1. The Man İn The High Castle
Efendim zaman zaman yaşadığımız evrenden başka alternatif evrenlerin olup olmadığı kafamıza takılır. Bu konu henüz bilim insanlarının bir teorisi halinde ve ispatlanması günümüz şartlarında pek de mümkün değil gibi görünüyor. Ama bazen aklımızda alternatif evrenlerin varlığı, oralarda kendi eş benliklerimizin kim bilir ne durumda olduğu gibi ilginç konular gelmiyor değil.
Şimdi bir alternatif evren düşünün ki, 2. Dünya Savaşı burada bizim bildiğimiz şekilde sonuçlanmamış olsun. Savaşın taraflarından Nazilerin de dahil olduğu Mihver devletler, Müttefik devletlere karşı ezici bir üstünlük sağlayıp, savaşı kazanmışlar. Ve tabii tüm dünya korkunç bir Nazi istilası altında.
Naziler, Avrupa'nın tümüne, Afrika kıtasının tamamına hakimler. Yetmezmiş gibi bir de Okyanus ötesine geçip, Amerika'yı ele geçirmişler. Amerika'nın Atlantik kıyılarında Büyük Nazi İmparatorluğu kurulmuş. Amerika'nın Pasifik Eyaletleri ise, savaşta Nazilerin müttefiki olan Japonlar tarafından yönetiliyor. Bu doğu ve batı eyaletlerinin arasında da tarafsız bölge var. Tarafsız ama bu sadece isim olarak böyle. Burada da aslında Naziler insanlara kök söktürmeye devam ediyorlar.

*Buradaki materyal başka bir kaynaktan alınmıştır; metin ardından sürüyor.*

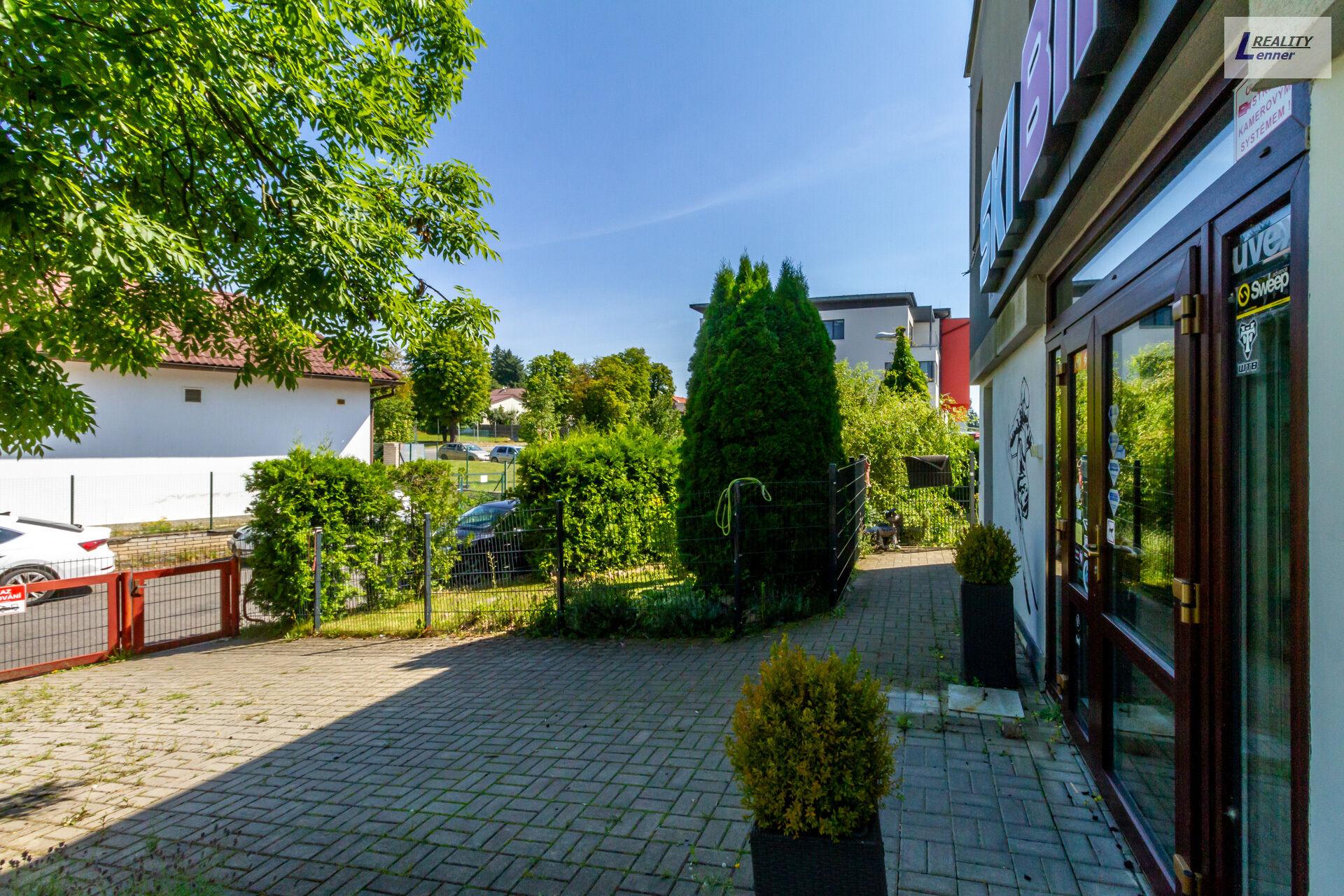 Komerční prostry a vícegenerační byt. dům 4+kk, 1+kk, vše na pozemku 554 m2.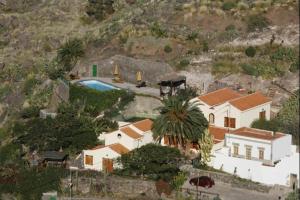阿格特Casa rural en el Risco de Agaete A的享有带游泳池的房屋的空中景致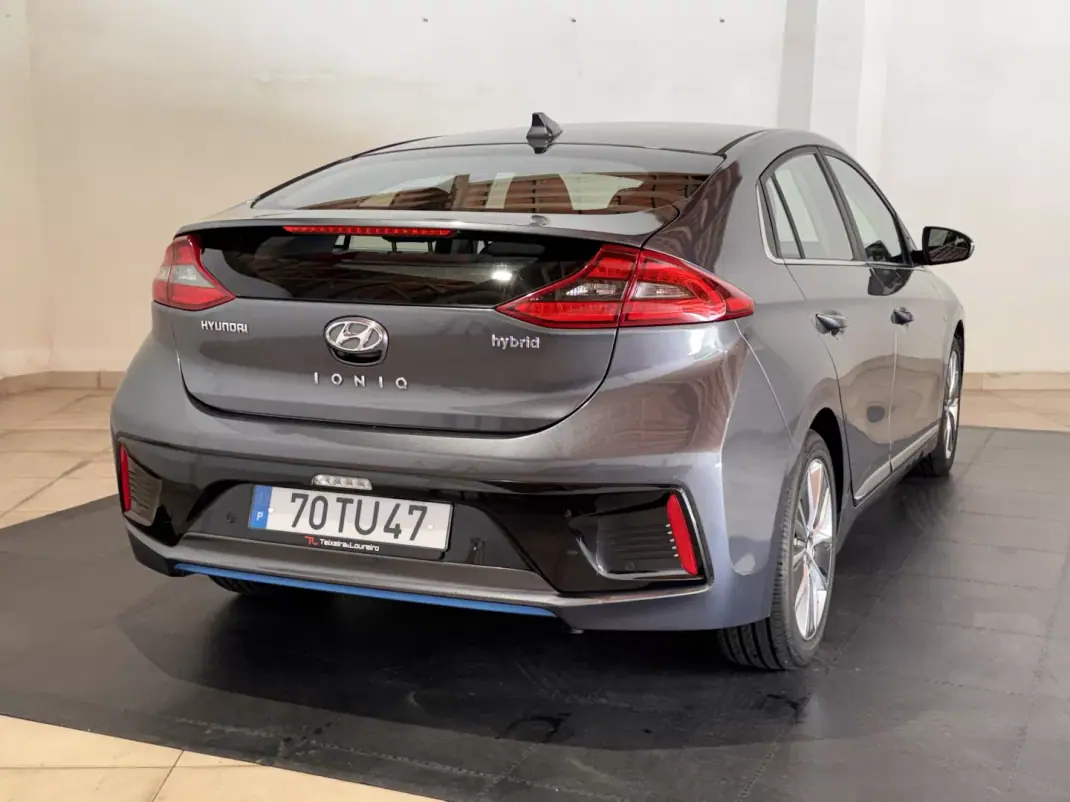 Hyundai Ioniq 2017 - 13250 EUR, 88000 km - AUTO.MOTO.pt - 88000km - foto 5 de 23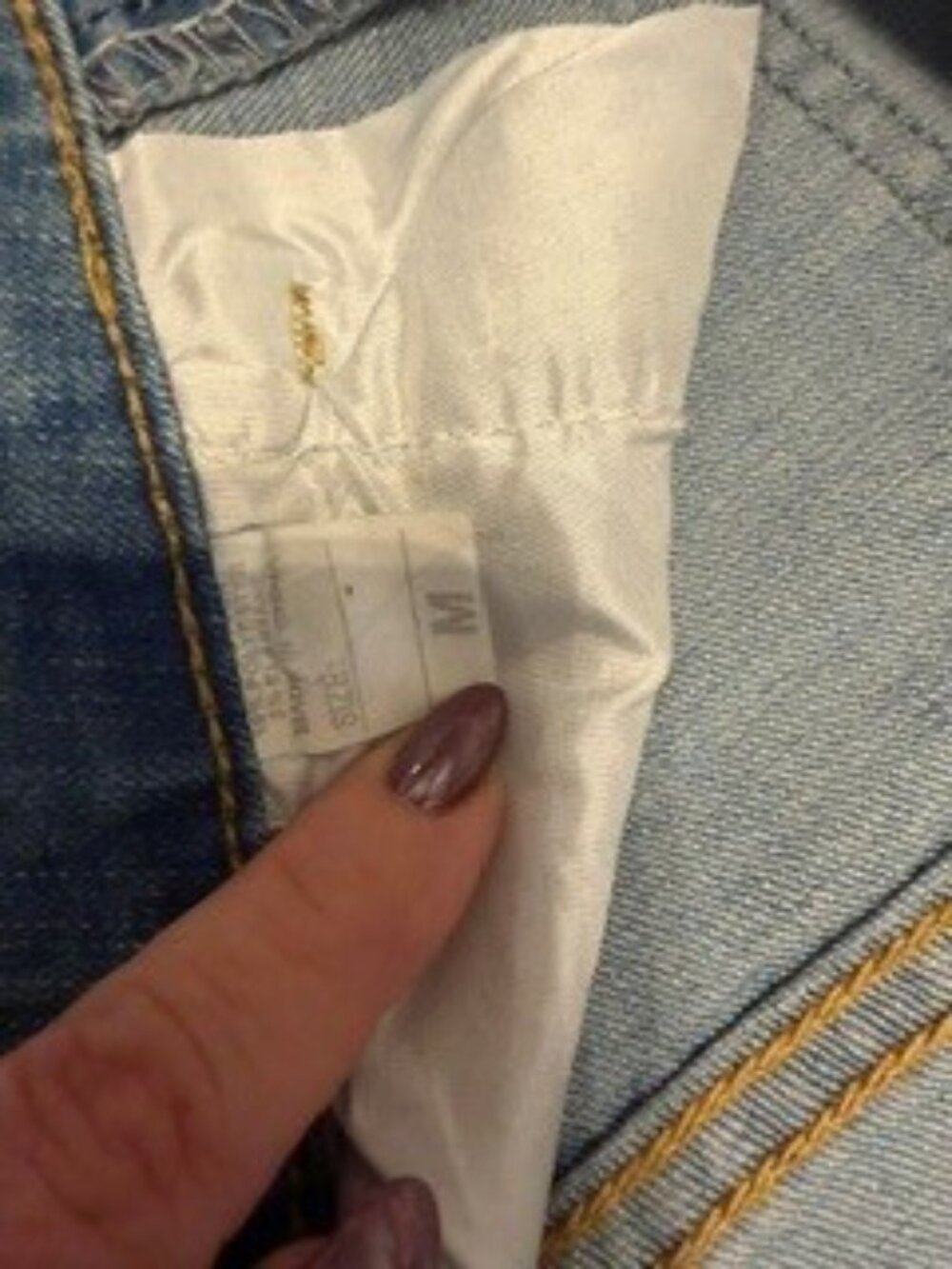 Distressed - Ripped Jeans - Picture 5 of 5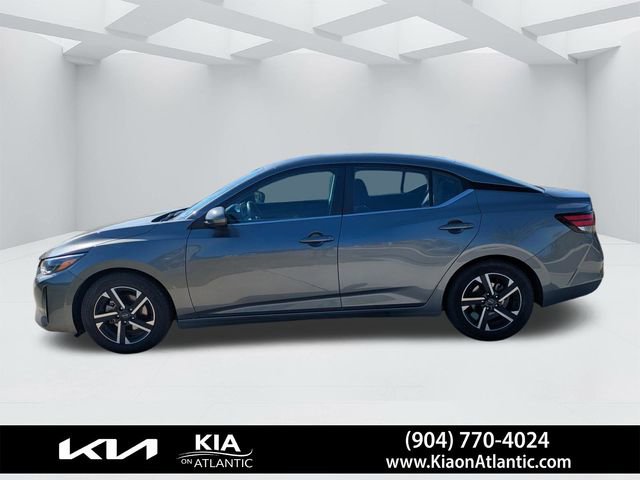 Used 2024 Nissan Sentra SV FWD image 7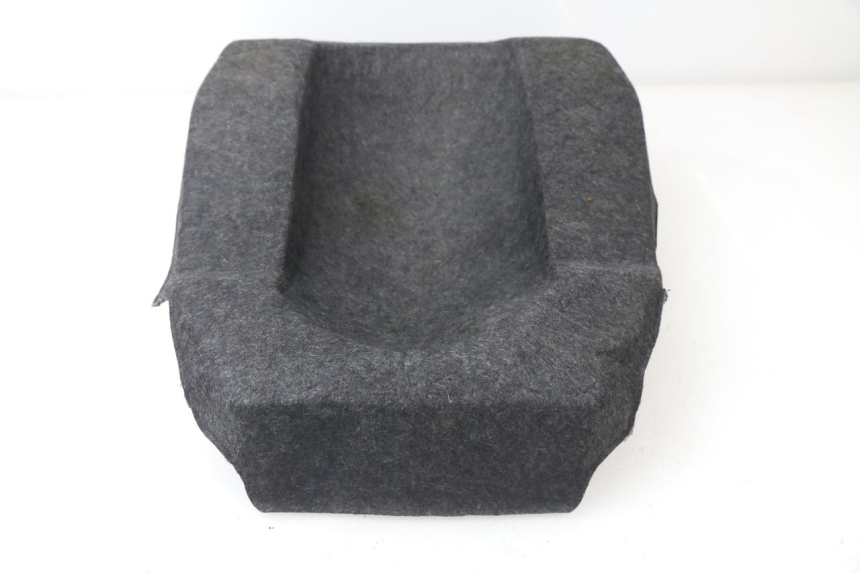 photo de TAPIS DE COFFRE SUZUKI AN BURGMAN 400 (2006 - 2010)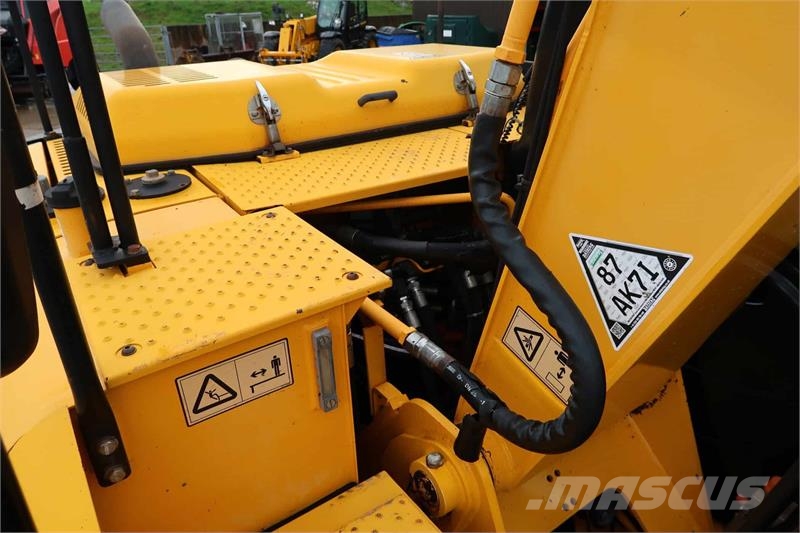 JCB JS 130LC Crawler excavators
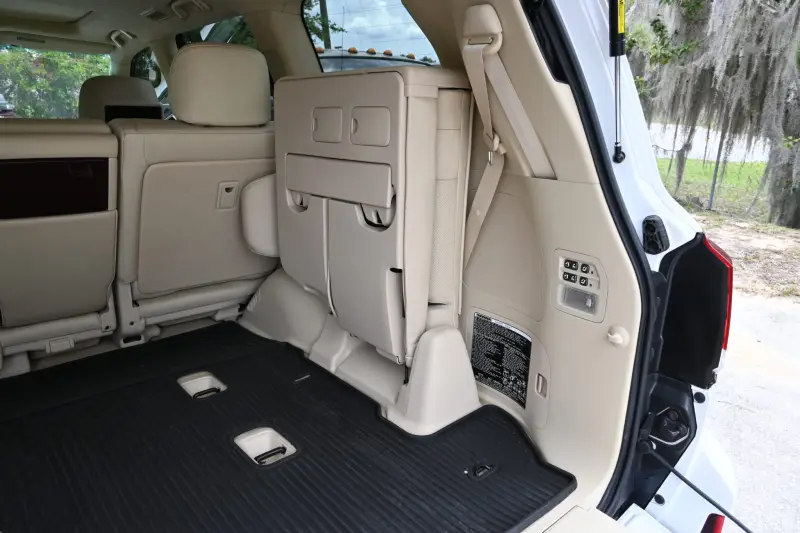 2013 Lexus LX570 photo 213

Nazilerin hüküm sürdüğü her yerde, Adolf Hitler'in korkunç ve insanlık dışı politikaları uygulanıyor. İnsanlar sırf dininden, milletinden, etnik kökeninden, cinsel tercihlerinden ötürü acımasızca öldürülüyorlar. Hatta kafatası ölçüleri alınarak, üstün ırk olarak nitelendirilen "Aryan" ırkından olmadıkları için gaddarca katlediliyorlar. Bu katledilenlerin arasında masum çocuklar bile var.
Bu evrende sokaklar her daim bir kan gölüne çevriliyor. Nazi askerleri veya Japonlar, insanları sudan bahanelerle öldürüyorlar. İnsanlarda bir korku hakim. Hatta ağır hastalığı olan ve iyileşme umudu olmayan kimseler, zayıf ve güçsüz oldukları, devlete ekstra yük oldukları için öldürülüyorlar. Nasıl? Yeterince korkunç değil mi? İşte böyle bir ortamda gizemli, kim tarafından kaydedildiği bilinmeyen filmler ortaya çıkıyor. Bu filmler, olası diğer bir gerçekliği anlatıyor. Yani 2. Dünya Savaşını bizim bildiğimiz sonucuyla aktaran, Nazilerin yenildiği bir gerçekliği insanlara aktaran filmler.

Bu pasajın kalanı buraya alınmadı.